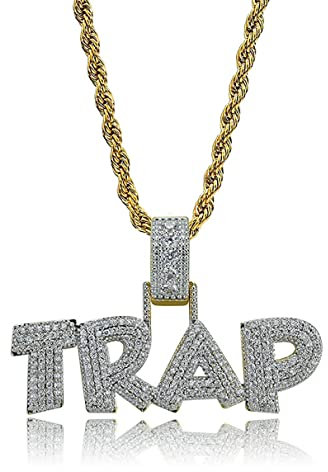 YAHOYA Ice Out Hip-Hop hochwertige Zirkon-Buchstaben-Anhänger-Halskette geeignet für Männer und Frauen Street Personality Rap Schmuck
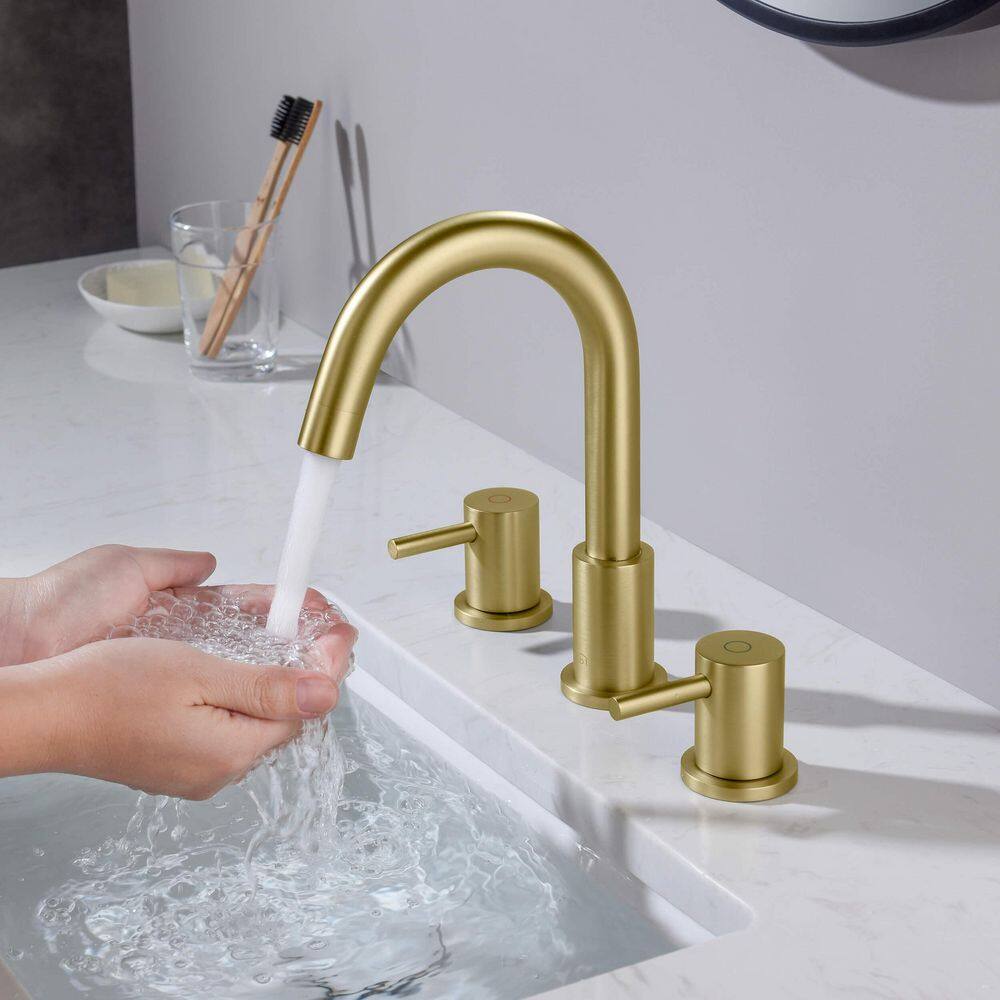 Elegant Brushed Gold Circular Widespread Bathroom Faucet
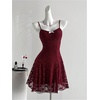 image:imageGORGLITTER Womens Y2k Lace Goth Mini Dress Mesh A Line Short DreesesBurgundy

» **Exercise aim**:
The listing should be transcribed in full, exactly, and without its pictures.

» **Response to this exercise**:
 YAHOYA Ice Out Hip-Hop hochwertige Zirkon-Buchstaben-Anhänger-Halskette geeignet für Männer und Frauen Street Personality Rap Schmuck
 Elegant Brushed Gold Circular Widespread Bathroom Faucet
 image:imageGORGLITTER Womens Y2k Lace Goth Mini Dress Mesh A Line Short DreesesBurgundy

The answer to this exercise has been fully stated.